Friday, September 26, 2014

Generation to Generation


         My dad taught me how to swim, ride a bike, shoot a gun, and drive a car. He took those roles seriously because they had about them a life and death component. Do any of these poorly, someone could get seriously hurt or die. He impressed upon me both the seriousness about water, bikes, guns and cars and the good time one could have in the water, riding, shooting at targets and taking long drives. In fact, up to his death, he kept giving me driving tips as I drove him to appointments or to see the sights. He was always a teacher, though I was not always a learner.
         Who taught you valuable life skills? Who was it you looked up to in order to learn how to operate equipment, cook a meal, raise a child, or write a research paper? There are those wonderful mentors in our lives we turned to, asked questions of, and watched closely, observing how they practiced their particular skill. And what is interesting is that these mentors were not always blood relatives.
         The text for Sunday (Psalm 78:4) contains a phrase that has grabbed my heart and will not let go: “we will tell the next generation.” Who is that next generation for you? Who has God laid on your heart to see step into faithful discipleship? Beyond your immediate family, who are those in the next generation who need to hear from you? God has given faith tools and skills to every believer not only to use now, but also to pass on to others. Where is that happening in your life?

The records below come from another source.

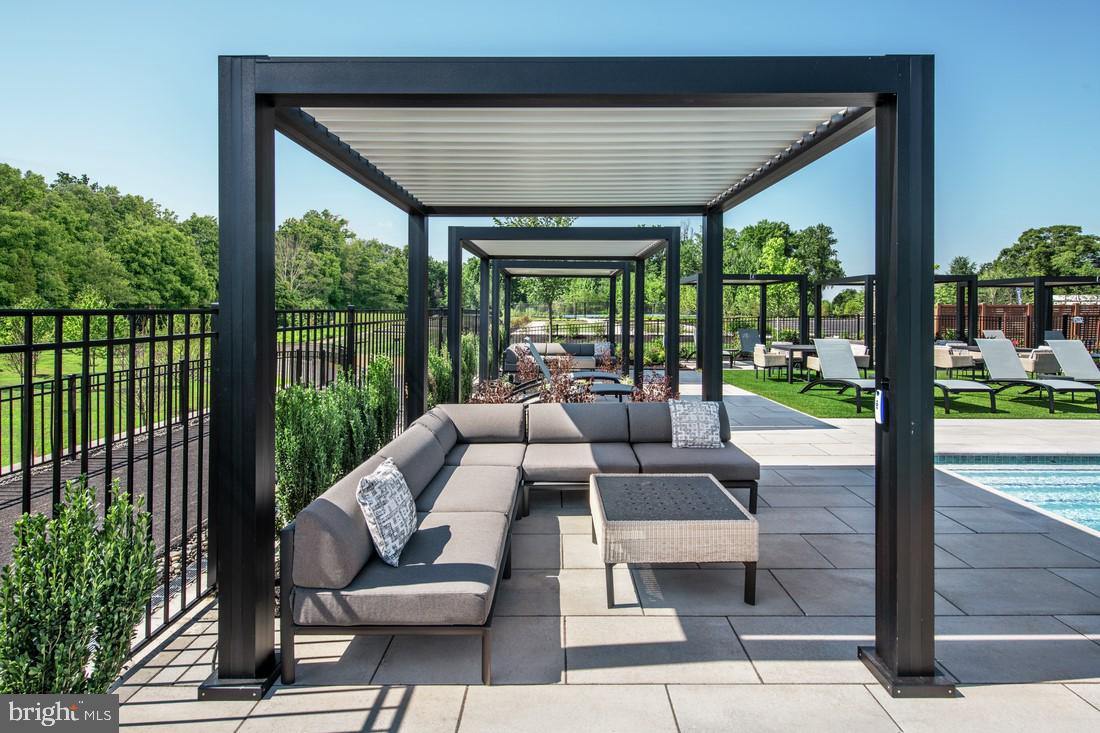 REGENCY AT WATERSIDE - Residential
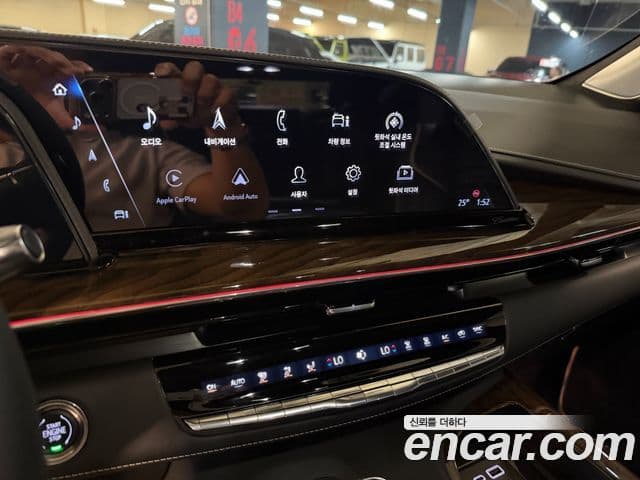Cadillac Escalade 2023 — фото 16 из 20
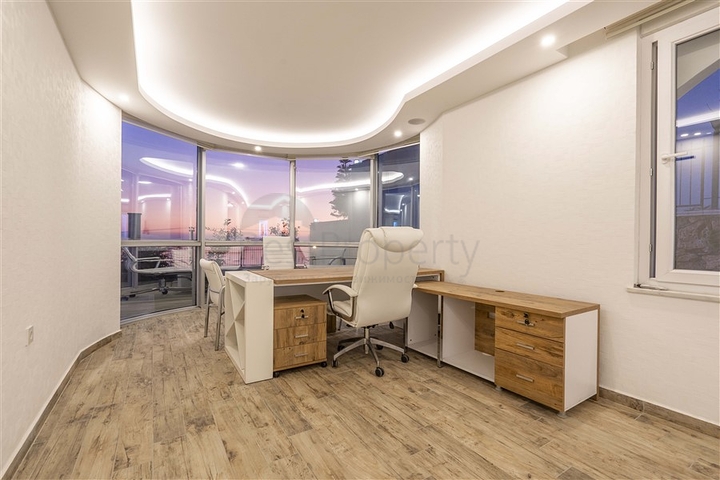 Spacious two-storey villa with panoramic views of the Mediterranean Sea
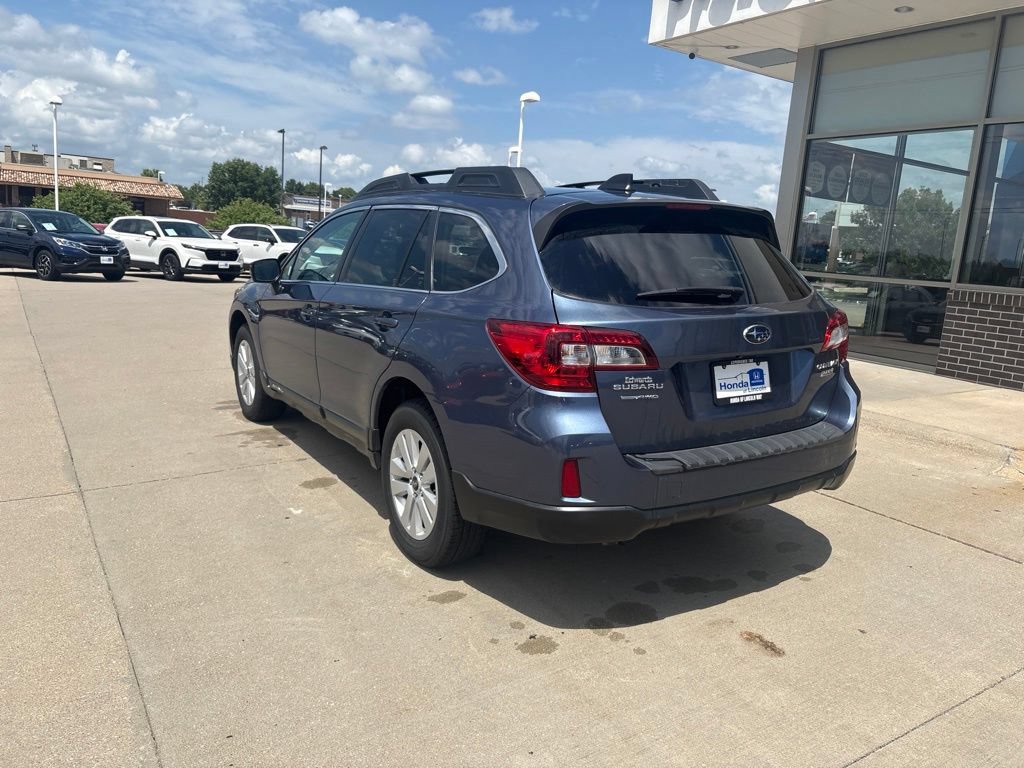 Used 2017 Subaru Outback 2.5i Premium AWD/4WD image 7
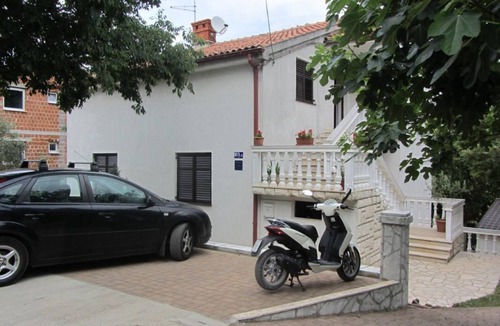 Porat Apartment | Apartment Darko (106171-A1) - Malinska - island Krk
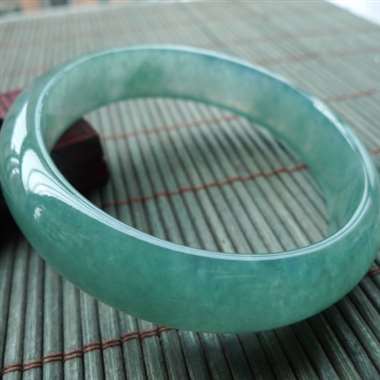 111906 A货翡翠无纹裂冰润满色正装手镯#，圈口58.1mm，质地细腻，水头足，满色均匀，色泽清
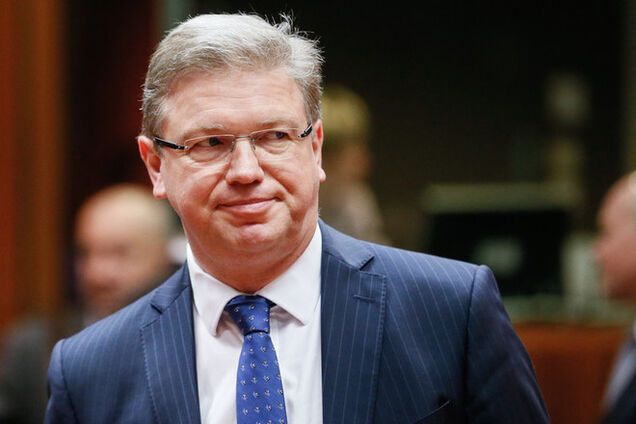 Фюле призвал Украину провести выборы на должном уровне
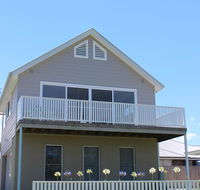 Red Waratah - Getaway Accommodation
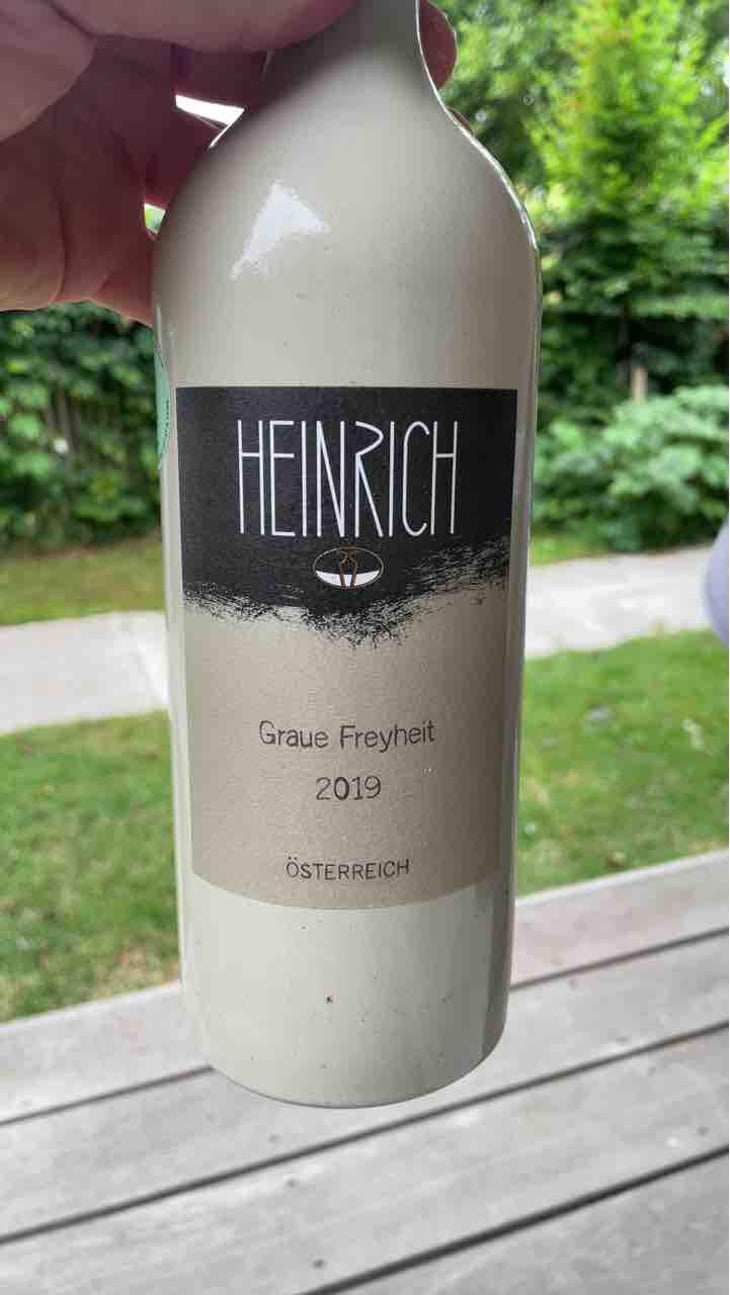 Graue Freyheit - Weingut Heinrich - Gernot & Heike Heinrich 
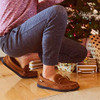 ISOTONER MEN'S MICROSUEDE MOCCASIN SLIPPER WITH WHIPSTITCH - MEN 9.5-10.5 BROWN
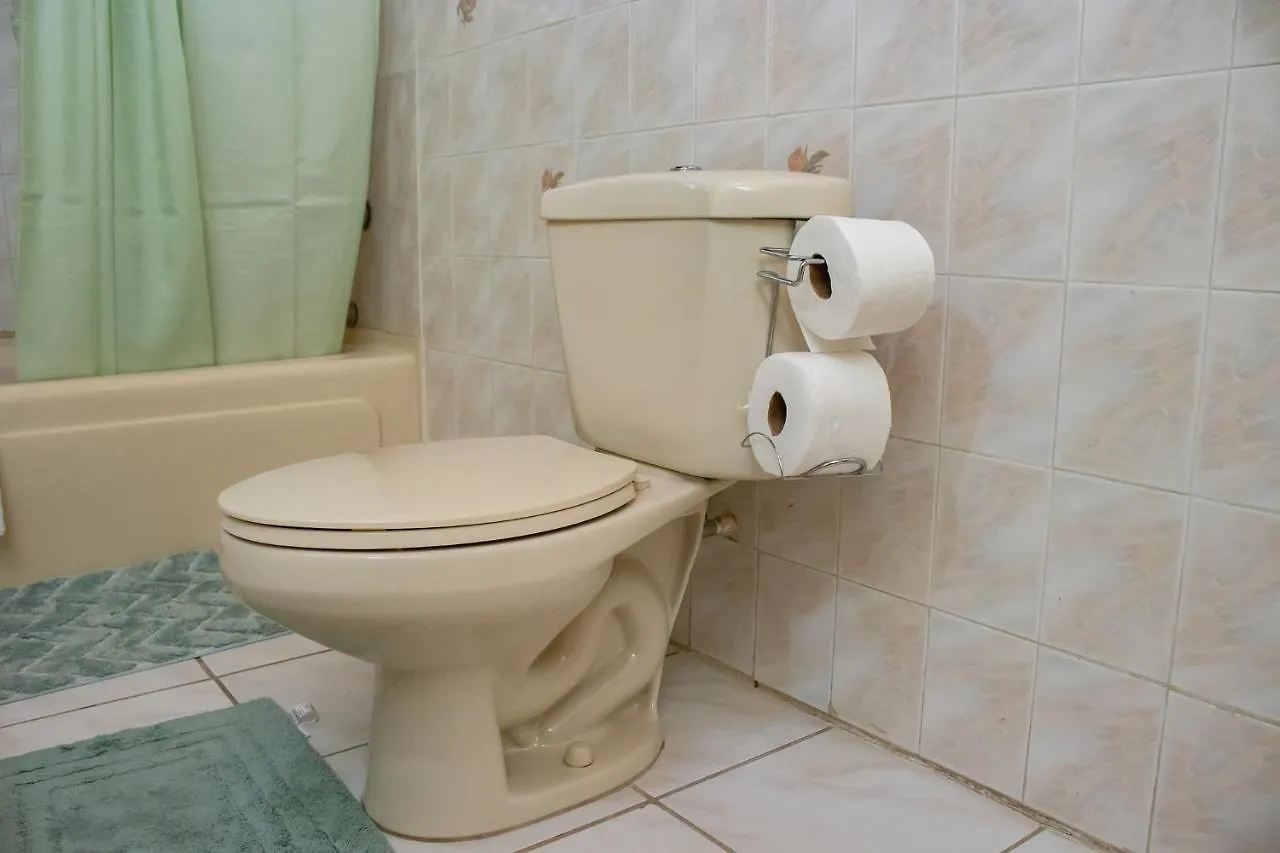 876 Ja Oasis & Homestay - By Kingston Airport
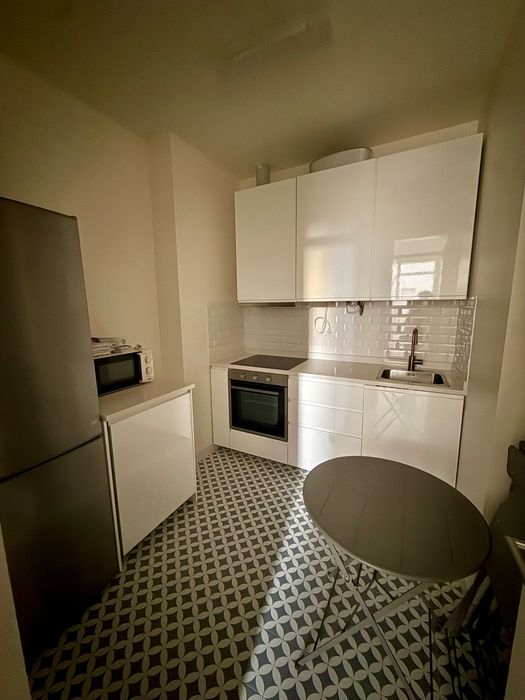 Arrendo T1 na ajuda mobiliado , equipado e totalmente remodelado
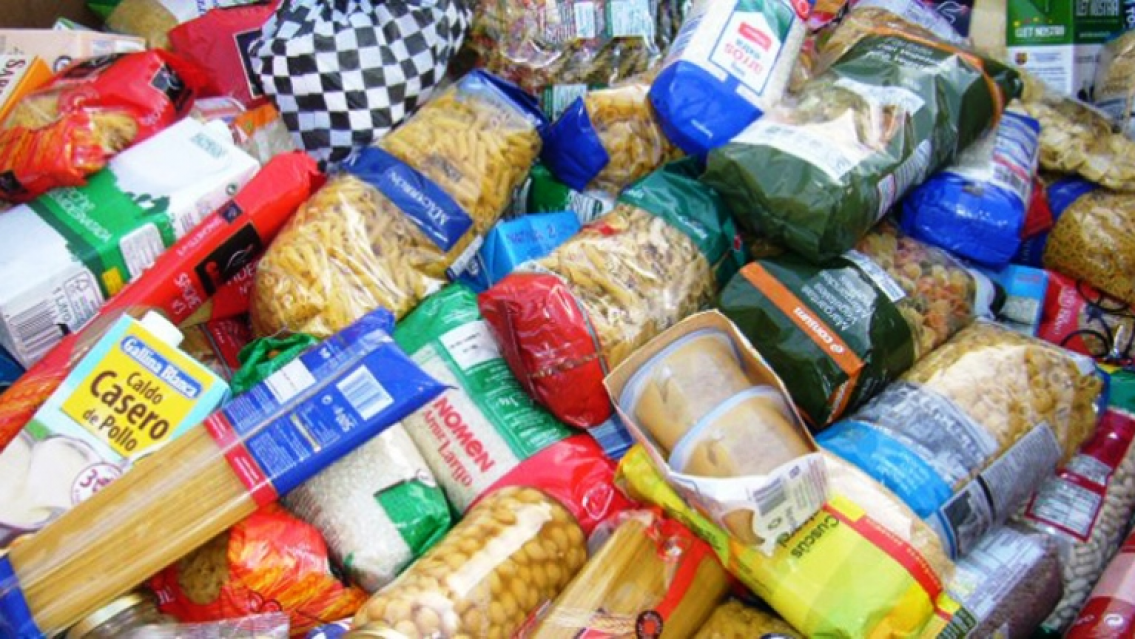 Mega negocio norte�o estaba lleno de mercader�a vencida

Friday, September 19, 2014

Envy & Generosity


         I have always enjoyed boats; both sail and power boats. During our Michigan years, I owned a little sailboat called a “Sunfish.” It was 13’ 9” long with a single sail, low to the water and easy to sail alone. I would often trailer it to Lake Michigan and sail in the waves and often tipped over.
         One Saturday there was an open house at a local yacht club prior to a big race. One of the boats was a gorgeous, 65-70’ sailboat with a tall mast and bright brass and teak decks. I gingerly walked through it, admiring the rigging, the technology and it’s craftsmanship. I bumped into the owner and expressed thanks for being allowed to tour the boat. I asked a number of sailing questions. Then he asked, “Do you sail?” I said “Oh yes!” Then he asked, “What kind of boat do you sail?” That’s where I got embarrassed and quiet. He thought I was in his category of sailing.
         So I sheepishly said “I just sail a Sunfish”. He smiled and said, “That’s the best basic sailing there is!” My sense of comparison and competition distanced me from him. His generosity included me in the community of sailors. I compared the cost of the gear and he focused on the joy of the sport. It’s so easy to compare, contrast and compete with each other, from designer labels to pedigree of degrees. We can compete about what we know and who we know, where we live and how we live.
         The two texts for Sunday highlight our comparative tendencies in Exodus 16:2-18 and Matthew 20:1-16. If you don’t already know it, ask God to show you where your envy is getting in the way of His generosity.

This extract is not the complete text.